Diese Gesetzmäßigkeit, so fährt er fort, wurde allerdings für ihn und seine Altersgenossen durch Krieg und Diktatur gebrochen. Er erinnert sich, dass er und seine Altersgenossen sich wiederfanden in einem totalen Staat, seinen Verbrechen, seinem Schrecken. Sie waren in ihn verstrickt, ob sie wollten oder nicht und ob sie den Erfahrungen gewachsen waren oder nicht. So verschlossen sich die jungen Männer und Familienväter, erzählten nichts ihren Frauen und Kindern und hießen sie schweigen. Aber Väter, Eltern und Großeltern, von denen die Kinder und Enkel nichts wissen, werden nicht nur unbekannt, sie werden entbehrlich und am Ende lästig. Denn was verschwiegen wird, kann nicht heilen. Was nicht erzählt wird, kann nicht gedeutet werden (vgl. Die Stille der Zeit, S. 87).

Es stimmt, unsere Bewohnerinnen und Bewohner – sie haben als Kinder und junge Erwachsenen den Krieg erlebt –  erzählen nur sehr zurückhaltend von dem, was sie im Krieg erfahren mussten.  Aber wenn sie darüber erzählen, bin ich jedesmal tief bewegt. Was diese Menschen erlebten und aushalten mussten, ist kaum zu fassen.

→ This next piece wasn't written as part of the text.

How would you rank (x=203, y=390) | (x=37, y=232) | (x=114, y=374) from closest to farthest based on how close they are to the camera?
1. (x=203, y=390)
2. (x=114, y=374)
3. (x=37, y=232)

Ein Bewohner erzählte, dass sie als Kinder die Gewohnheit hatten, sich halb angezogen und mit einem Koffer neben dem Bett, schlafen zu legen, um bei Fliegeralarm nur schnell genug in den Keller rennen zu können; bei dieser Geschichte ist es unmöglich, nicht an die Luftangriffe in der Ukraine zu denken. „Nie wieder!“, sagt Herr M., der sich an den Schrecken der Sirenen 70 Jahre später deutlicher erinnert als an den Flurgang, in dem sich sein Zimmer befindet. Das ist kein Ostermarsch-Nie-Wieder, über das man den realpolitischen Kopf schütteln könnte. Das ist ein erlebtes Nie-wieder und das hat ein ganz anderes Gewicht. 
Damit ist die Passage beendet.